Fuiste la primera persona que
conocí con la que compartir cumpleaños –el trece es un número afortunado que
sólo nos sonríe a algunos–. Apenas eras unos años más joven que yo, pero a mí
me parecía que nos separaban infinitos años-luz y que los intereses comunes nos
unían pero nos separaban todas esas cosas que intuías y que yo tampoco podía
poner en palabras. Sin embargo, siendo más joven, me diste una lección valiosa que ni
imaginaba porque estaba demasiado ocupada en protegerme del mundo en lugar de
contemplarlo, como hacías tú. Solías decir que llegaba un momento en el que, de
tan cínico, te habías vuelto inocente otra vez, dispuesto a maravillarte con la
belleza del mundo y a disfrutar de las cosas sencillas y a reírte de lo que te
quisieras reír y que malpensaran los demás. Y yo admiraba esa libertad
impertinente tan característica tuya, pero se me hacía impensable darme la
vuelta como un calcetín, pegarle una patada a todo, desaprender lo aprendido y
exponerme a pecho descubierto ante el sol como si no fuese suficiente lo que me
habían lastimado ya. Se me antojaba que mantenías esa ilusión perenne porque,
al contrario que a mí, a ti por fortuna no te la habían arrebatado y eras el
eterno hombre-niño que me tendía la mano mientras mis ojos te miraban
reflejando una inocencia ya perdida. Yo también era demasiado joven como para
saber que los sistemas de creencias no sólo se construyen, se destruyen, se
construyen de nuevo y se deconstruyen, sino que este ciclo es eterno y vayapordiós que las cosas que antes eran
blancas ahora son negras y después grises, y después tricolores para terminar
descubriendo que todo es un arcoíris o no, que el blanco y el negro no son
colores y que, maldita sea, yo debo ser daltónica. Así que tuvo que pasar
tiempo para que me diera cuenta de que no podía ir siempre haciendo gala de
cinismo por la vida, y que cuando llega un punto en el que la realidad te
asquea tanto y te hace sufrir o, por el contrario; cuando la realidad es tan
bella que te eclipsa pero no tienes el valor de alcanzarla, lo único que puedes
hacer si no quieres terminar tirándote por un puente es darle a la pausa,
rebobinar y construirte una realidad diferente. Y las realidades distintas
comienzan siempre por forjar una actitud distinta. Así que un buen día me
desperté ya harta y decidí que darme la vuelta como un calcetín era lo menos
malo dentro de todo. Y lo hice. Y me sentí tan jodidamente bien que me entraron
ganas de volver años atrás, a enseñarle a tu antiguo tú mi nuevo yo.

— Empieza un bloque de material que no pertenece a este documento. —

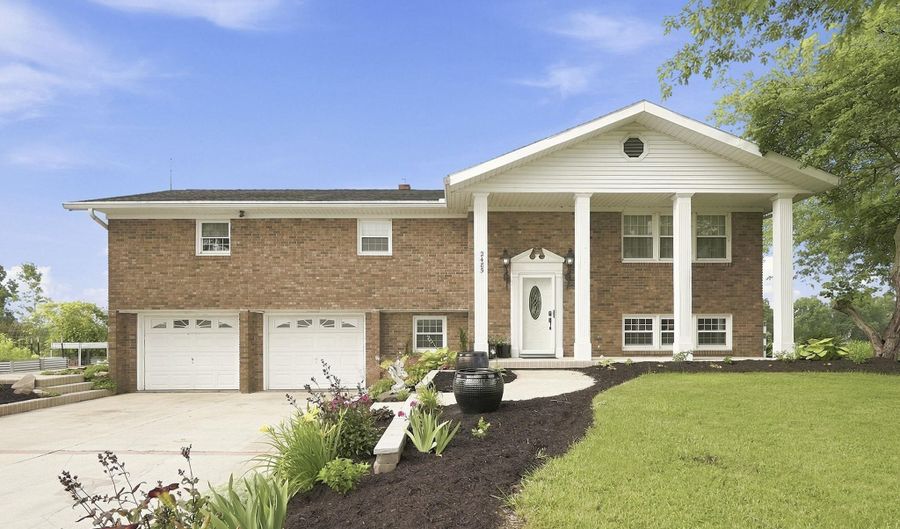2485 E Metz, Angola, IN 46703 - 4 Beds, 3 Bath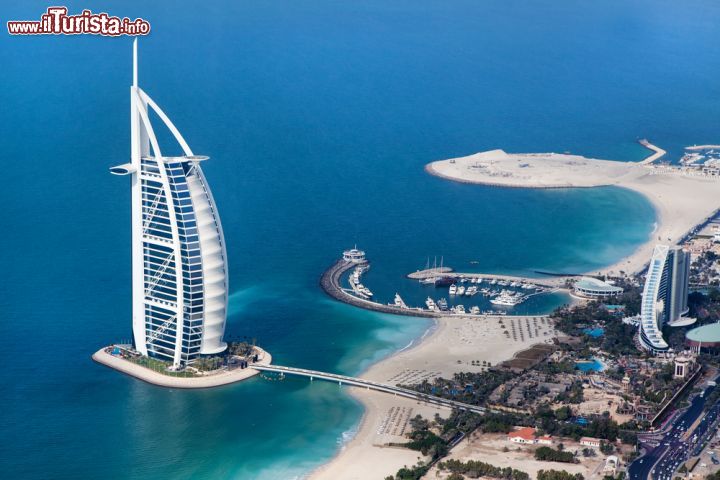 Immagine Vista aerea del particolare grattacielo a forma di Vela, il Buri al-Arab a Dubai - © ISchmidt / Shutterstock.com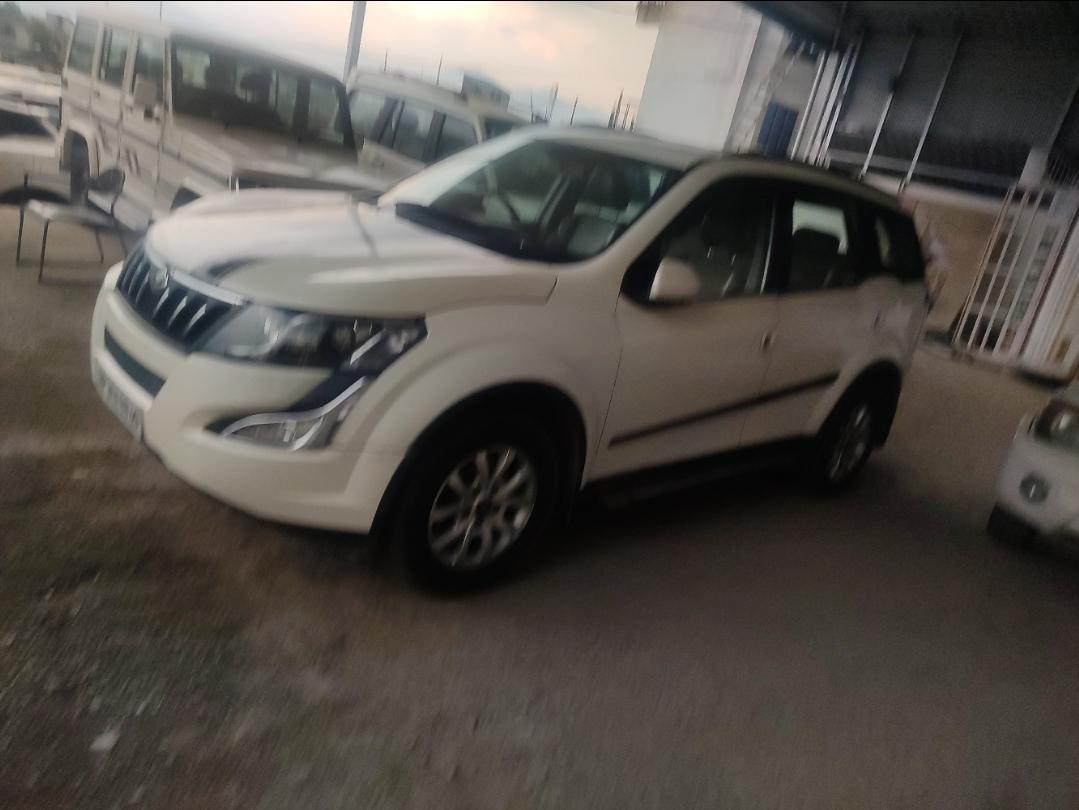 Used 2017 Mahindra XUV500 W10 FWD for sale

También es cierto que noto el
efecto contrario: cuando partes desde la inocencia, antes o después te llevas
un golpe que te hace retrotraerte y vuelve el cinismo, a veces más calmado y a
veces más salvaje; pero ya sabes que del cinismo también se sale, que el dolor,
el miedo y la ira son circunstanciales y que dejarles espacio para que puedan
engullir la cálida sencillez que nos rodea nos condena a la infelicidad para
siempre.
Así que lo inteligente al final
es el equilibrio, el cinismo bajo llave y moderado y la inocencia para quien se
la merezca. Pero, definitivamente, ya que la mente por definición nunca será
inocente, el corazón jamás debe mirar con los ojos del cinismo.